For most of us, it feels like we’re going on week 535,366,005 of quarantine …when in reality it’s been about 6 or 7 weeks of staying home to avoid spreading Covid-19.

The novelty, if there was any, has likely worn off. The ‘fun’ of staying home and watching tv, eating snacks and indulging in down time is probably now just boredom, lack of motivation and general crankiness.

Initially we were really focused on being healthy during this pandemic. Working out, being active at home, eating healthy and making sure we got enough sleep.

But that’s not where we’re at right now.

Sleep is all over the place. Everyone in our families are staying up far too late, sleeping in and waking up at random times. Thanks to stress and feeling like crap we’re also dealing with waking up in the middle of the night and tossing and turning.

Plus anxiety and fear over the pandemic are giving our kids nightmares.

All of this adds up to more fighting. And we don’t just mean the kids. We’re all on edge and sometimes at each other’s throats. 

We 100% believe that sleep is the foundation to feeling great and being at your best, so we asked Amanda over at Baby’s Best Sleep for some tips to help adults and kids get more rest while we’re all so restless!

Amanda is the amazing sleep consultant who helped Sarah sleep train Hunter, who, thanks to her sleeps 7-7 with one feeding in between!

We asked her about what she’s noticing right now and she said that “people are stressed about their ‘new normal’, job insecurity, health concerns and a totally new way of life. Taking these worries to bed with you can make it hard to fall asleep and stay asleep.”

This includes kids! So, she gave us some real-life advice. Things you can do right now to make sure you and your entire family get more restful sleep!

Limit News Consumption And Social Media

The news at the moment is..bleak. Avoiding these stories before bed will allow you to hit the sheets calm. Limit your news consumption to 1 hour/ day and never after 8 PM.

Bath Before Bed

Having a bath before bed lowers your body temperature which your body works hard to do overnight to get the deepest rest. Consider a bath or shower helping your body move towards something it was going to do anyway!

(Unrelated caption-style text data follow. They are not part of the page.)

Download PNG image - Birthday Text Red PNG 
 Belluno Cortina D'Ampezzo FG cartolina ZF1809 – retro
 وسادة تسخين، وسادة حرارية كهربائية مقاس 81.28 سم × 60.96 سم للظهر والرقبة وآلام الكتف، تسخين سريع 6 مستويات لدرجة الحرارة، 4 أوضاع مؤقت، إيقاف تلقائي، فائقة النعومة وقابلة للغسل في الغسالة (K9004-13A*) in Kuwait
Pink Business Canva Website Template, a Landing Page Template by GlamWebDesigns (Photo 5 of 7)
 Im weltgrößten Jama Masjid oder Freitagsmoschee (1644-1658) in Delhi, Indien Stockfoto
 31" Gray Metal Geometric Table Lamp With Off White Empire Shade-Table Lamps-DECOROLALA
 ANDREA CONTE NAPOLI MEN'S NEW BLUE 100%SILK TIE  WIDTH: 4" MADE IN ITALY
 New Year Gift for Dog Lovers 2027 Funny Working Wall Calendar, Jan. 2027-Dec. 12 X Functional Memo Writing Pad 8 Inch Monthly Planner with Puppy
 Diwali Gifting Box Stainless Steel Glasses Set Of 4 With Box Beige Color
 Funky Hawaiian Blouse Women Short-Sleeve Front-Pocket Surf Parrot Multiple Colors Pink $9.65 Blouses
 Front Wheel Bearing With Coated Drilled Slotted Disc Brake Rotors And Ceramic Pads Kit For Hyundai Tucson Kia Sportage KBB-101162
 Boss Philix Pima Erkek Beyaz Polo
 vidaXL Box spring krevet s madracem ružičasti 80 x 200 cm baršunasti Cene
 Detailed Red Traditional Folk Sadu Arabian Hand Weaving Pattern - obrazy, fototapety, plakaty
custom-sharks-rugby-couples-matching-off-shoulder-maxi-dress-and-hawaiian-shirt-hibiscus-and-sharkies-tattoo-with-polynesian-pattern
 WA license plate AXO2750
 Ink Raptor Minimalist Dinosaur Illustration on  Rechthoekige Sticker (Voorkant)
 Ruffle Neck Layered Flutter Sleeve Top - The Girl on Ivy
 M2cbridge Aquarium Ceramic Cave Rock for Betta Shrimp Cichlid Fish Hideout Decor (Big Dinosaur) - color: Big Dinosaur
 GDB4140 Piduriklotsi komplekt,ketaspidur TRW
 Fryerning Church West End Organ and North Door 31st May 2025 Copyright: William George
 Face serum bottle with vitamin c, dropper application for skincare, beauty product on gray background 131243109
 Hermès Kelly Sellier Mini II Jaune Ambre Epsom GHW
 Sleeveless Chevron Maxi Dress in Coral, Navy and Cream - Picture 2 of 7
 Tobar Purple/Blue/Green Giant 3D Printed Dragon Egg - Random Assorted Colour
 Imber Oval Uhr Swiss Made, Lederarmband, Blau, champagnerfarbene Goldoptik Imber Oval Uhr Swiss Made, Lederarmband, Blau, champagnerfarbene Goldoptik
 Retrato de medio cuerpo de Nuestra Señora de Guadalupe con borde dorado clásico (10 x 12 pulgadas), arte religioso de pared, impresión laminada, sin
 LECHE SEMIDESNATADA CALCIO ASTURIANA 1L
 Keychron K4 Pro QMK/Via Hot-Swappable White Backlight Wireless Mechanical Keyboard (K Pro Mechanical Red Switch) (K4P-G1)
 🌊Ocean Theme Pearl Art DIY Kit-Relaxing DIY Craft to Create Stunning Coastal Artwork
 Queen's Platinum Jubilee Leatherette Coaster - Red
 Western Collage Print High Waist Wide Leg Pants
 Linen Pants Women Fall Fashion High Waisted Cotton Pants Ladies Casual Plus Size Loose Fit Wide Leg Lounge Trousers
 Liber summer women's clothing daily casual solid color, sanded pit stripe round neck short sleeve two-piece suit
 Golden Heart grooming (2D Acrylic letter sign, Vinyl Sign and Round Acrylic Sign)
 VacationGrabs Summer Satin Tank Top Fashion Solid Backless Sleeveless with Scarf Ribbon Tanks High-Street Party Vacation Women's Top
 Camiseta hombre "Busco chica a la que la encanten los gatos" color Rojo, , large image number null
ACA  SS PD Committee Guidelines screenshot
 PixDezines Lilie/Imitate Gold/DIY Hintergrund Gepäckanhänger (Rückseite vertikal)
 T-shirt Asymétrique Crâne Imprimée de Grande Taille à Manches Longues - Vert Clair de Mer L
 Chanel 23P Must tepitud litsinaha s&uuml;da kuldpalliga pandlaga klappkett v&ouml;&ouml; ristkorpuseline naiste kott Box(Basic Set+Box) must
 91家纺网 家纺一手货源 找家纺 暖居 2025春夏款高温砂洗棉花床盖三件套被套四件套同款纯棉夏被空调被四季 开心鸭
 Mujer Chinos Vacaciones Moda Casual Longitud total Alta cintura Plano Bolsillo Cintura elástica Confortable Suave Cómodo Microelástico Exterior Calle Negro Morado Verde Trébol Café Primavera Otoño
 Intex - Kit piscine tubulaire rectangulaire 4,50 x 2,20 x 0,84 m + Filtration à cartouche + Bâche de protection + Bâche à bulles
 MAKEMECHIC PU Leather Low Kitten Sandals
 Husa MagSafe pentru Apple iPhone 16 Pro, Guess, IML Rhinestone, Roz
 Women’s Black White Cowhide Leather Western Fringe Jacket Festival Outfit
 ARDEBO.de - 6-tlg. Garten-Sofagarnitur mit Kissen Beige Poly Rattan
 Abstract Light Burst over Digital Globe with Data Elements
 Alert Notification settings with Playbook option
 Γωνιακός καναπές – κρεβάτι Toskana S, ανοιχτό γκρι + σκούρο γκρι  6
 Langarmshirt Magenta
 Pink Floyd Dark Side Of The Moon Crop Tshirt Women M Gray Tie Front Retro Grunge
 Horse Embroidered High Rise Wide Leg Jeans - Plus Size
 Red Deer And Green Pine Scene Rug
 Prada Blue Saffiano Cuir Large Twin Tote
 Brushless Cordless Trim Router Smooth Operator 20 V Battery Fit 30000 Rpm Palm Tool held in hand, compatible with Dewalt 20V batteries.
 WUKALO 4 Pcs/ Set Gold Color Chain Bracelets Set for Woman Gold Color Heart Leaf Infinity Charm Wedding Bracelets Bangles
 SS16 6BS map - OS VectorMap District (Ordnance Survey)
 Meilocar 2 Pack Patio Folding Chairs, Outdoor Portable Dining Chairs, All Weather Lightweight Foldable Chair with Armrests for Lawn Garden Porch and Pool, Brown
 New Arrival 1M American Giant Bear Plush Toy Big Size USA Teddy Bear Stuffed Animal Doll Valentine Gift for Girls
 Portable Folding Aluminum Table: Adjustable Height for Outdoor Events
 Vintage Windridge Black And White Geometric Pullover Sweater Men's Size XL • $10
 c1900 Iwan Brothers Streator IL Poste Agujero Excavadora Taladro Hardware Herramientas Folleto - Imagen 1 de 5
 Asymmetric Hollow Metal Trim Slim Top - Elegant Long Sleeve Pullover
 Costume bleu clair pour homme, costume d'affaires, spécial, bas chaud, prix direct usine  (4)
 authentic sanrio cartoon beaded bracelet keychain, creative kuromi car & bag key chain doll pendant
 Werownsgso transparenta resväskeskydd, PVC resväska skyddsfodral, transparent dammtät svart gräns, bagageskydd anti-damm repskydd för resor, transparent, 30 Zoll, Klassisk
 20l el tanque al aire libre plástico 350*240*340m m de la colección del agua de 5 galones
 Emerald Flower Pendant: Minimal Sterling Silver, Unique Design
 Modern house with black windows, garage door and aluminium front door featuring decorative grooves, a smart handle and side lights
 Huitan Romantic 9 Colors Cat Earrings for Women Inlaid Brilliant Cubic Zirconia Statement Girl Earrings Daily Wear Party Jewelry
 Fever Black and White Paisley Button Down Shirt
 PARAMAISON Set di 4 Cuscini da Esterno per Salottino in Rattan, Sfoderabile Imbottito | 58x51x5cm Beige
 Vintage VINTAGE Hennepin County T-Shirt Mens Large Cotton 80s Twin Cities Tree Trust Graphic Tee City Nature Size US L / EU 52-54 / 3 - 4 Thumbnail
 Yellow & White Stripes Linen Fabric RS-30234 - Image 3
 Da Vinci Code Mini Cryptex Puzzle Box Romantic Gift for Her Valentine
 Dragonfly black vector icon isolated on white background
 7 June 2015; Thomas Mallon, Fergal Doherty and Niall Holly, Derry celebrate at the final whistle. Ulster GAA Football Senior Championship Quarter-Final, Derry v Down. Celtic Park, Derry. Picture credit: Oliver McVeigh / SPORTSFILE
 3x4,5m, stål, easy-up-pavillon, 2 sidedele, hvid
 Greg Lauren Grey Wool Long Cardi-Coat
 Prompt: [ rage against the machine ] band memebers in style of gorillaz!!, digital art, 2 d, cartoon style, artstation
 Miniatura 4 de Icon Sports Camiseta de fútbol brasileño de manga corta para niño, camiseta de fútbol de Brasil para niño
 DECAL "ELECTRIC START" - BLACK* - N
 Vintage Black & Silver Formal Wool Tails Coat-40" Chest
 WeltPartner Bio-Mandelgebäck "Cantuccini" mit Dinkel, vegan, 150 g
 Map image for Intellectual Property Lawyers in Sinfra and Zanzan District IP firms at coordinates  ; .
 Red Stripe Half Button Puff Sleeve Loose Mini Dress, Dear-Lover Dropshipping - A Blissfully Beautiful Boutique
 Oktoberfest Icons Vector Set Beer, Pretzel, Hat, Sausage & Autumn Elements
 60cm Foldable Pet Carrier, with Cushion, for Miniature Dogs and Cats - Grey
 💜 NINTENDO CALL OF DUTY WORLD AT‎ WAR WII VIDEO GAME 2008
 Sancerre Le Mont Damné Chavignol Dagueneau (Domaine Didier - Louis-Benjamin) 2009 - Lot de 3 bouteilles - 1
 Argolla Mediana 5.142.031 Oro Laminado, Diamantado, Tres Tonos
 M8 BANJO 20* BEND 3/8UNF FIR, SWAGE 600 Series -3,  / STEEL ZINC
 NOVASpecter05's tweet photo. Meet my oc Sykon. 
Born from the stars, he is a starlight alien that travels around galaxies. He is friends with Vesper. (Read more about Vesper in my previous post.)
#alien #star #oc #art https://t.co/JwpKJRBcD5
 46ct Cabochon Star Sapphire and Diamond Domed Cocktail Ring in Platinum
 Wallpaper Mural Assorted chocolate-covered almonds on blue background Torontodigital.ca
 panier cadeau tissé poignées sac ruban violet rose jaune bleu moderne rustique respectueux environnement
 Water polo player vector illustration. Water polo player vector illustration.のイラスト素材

No Screens 1 hour before bed

Blue lights from tablets, screens and televisions mimic the same light that tells us to be awake therefore reducing the amount of melatonin we produce.

Melatonin makes us a) feel tired b) allows us to fall asleep easier.

Limit screens to fall asleep and stay asleep!

Lower The Internal Noise

Like many, you may be going to bed with all the thoughts in your head. Journal before bed, process the thoughts, and get the anxiety out of your brain!

Don’t Stay In Bed

If you’re in bed and can’t fall asleep, don’t stay there. If you have been in bed longer than 20 minutes, get out of bed, read for 15-20minutes and return to bed. This way you’re teaching your body that when you’re in bed, it’s to sleep–not to roll around restless.

Remove Your Clocks

When we start to obsess about what time we need to wake up at, we get into a thought loop about how many hours of sleep we’re getting etc.

Remove the clocks to avoid the thoughts and reduce stress!


When you are stressed your body will naturally produce more stress hormones. Stress hormones make it harder for you to relax and sleep. Find moments of mental rest (like yoga, breathing or meditation) to reduce stress hormones at night.

Apryl and her dog on the bed

Sleep Sober

Both THC and Alcohol make it harder for your body to get into deeper parts of your sleep cycle. So although falling asleep may be easier, staying asleep and feeling rested may be impacted by these drugs.

While implementing some of these (ahem screen time and no wine) may seem tough, we’re both at the point where we’re ready to try anything so that we can feel better. We’re fed up with feeling cranky because of poor sleep. 

At least improving our sleep habits is one thing we can do while we stay home, and hopefully they’re habits we’ll keep long after this pandemic is over!